Repeat the data as given. Images do not go in the copy.

AVAILABLE DATA.
────────────────────

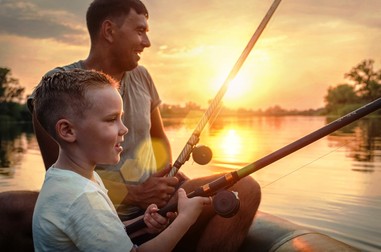 Happy Father and Son together fishing from a boat at sunset time in summer day under beautiful sky on the lake.
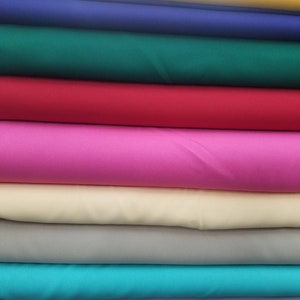 K&ouml;nnte beinhalten: Ein Stapel Stoffmuster in verschiedenen Farben, darunter Gelb, Blau, Gr&uuml;n, Rot, Pink, Beige, T&uuml;rkis und Hellblau.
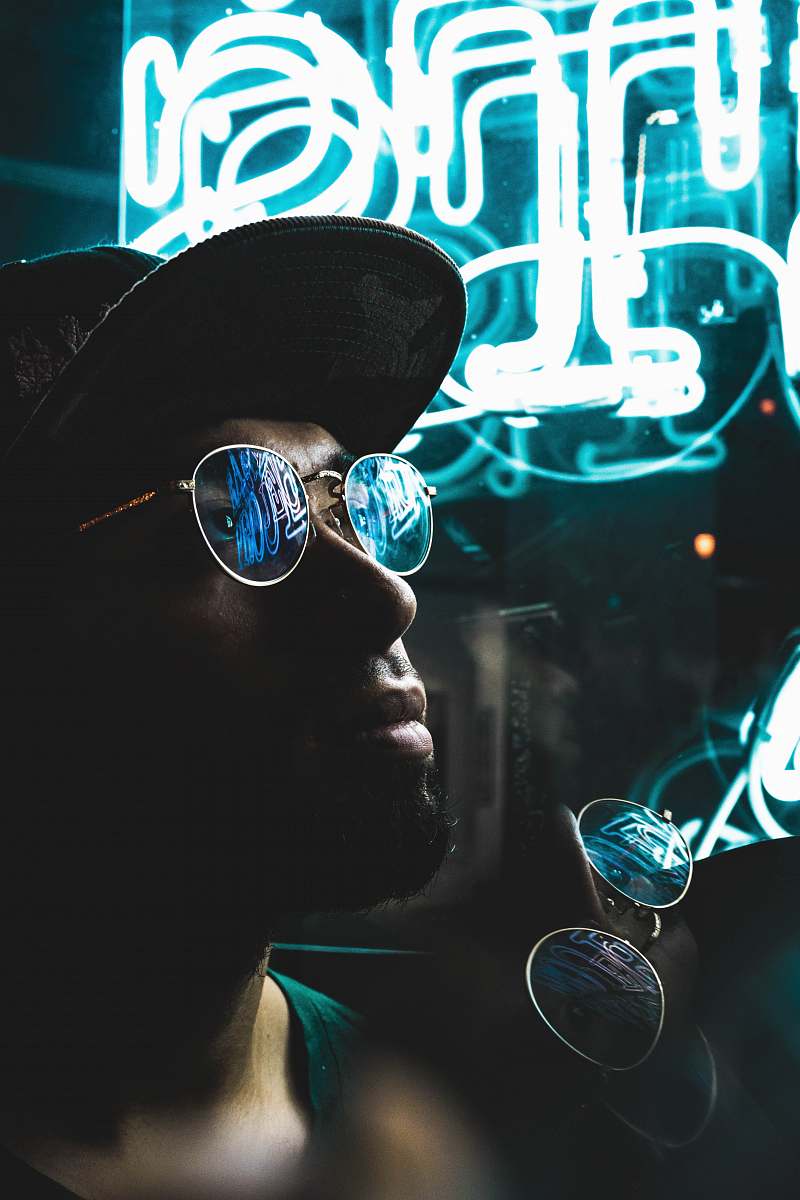 portrait man wearing sunglasses with silver-colored frames glasses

────────────────────

EXERCISE RESPONSE.
 Happy Father and Son together fishing from a boat at sunset time in summer day under beautiful sky on the lake.
 K&ouml;nnte beinhalten: Ein Stapel Stoffmuster in verschiedenen Farben, darunter Gelb, Blau, Gr&uuml;n, Rot, Pink, Beige, T&uuml;rkis und Hellblau.
 portrait man wearing sunglasses with silver-colored frames glasses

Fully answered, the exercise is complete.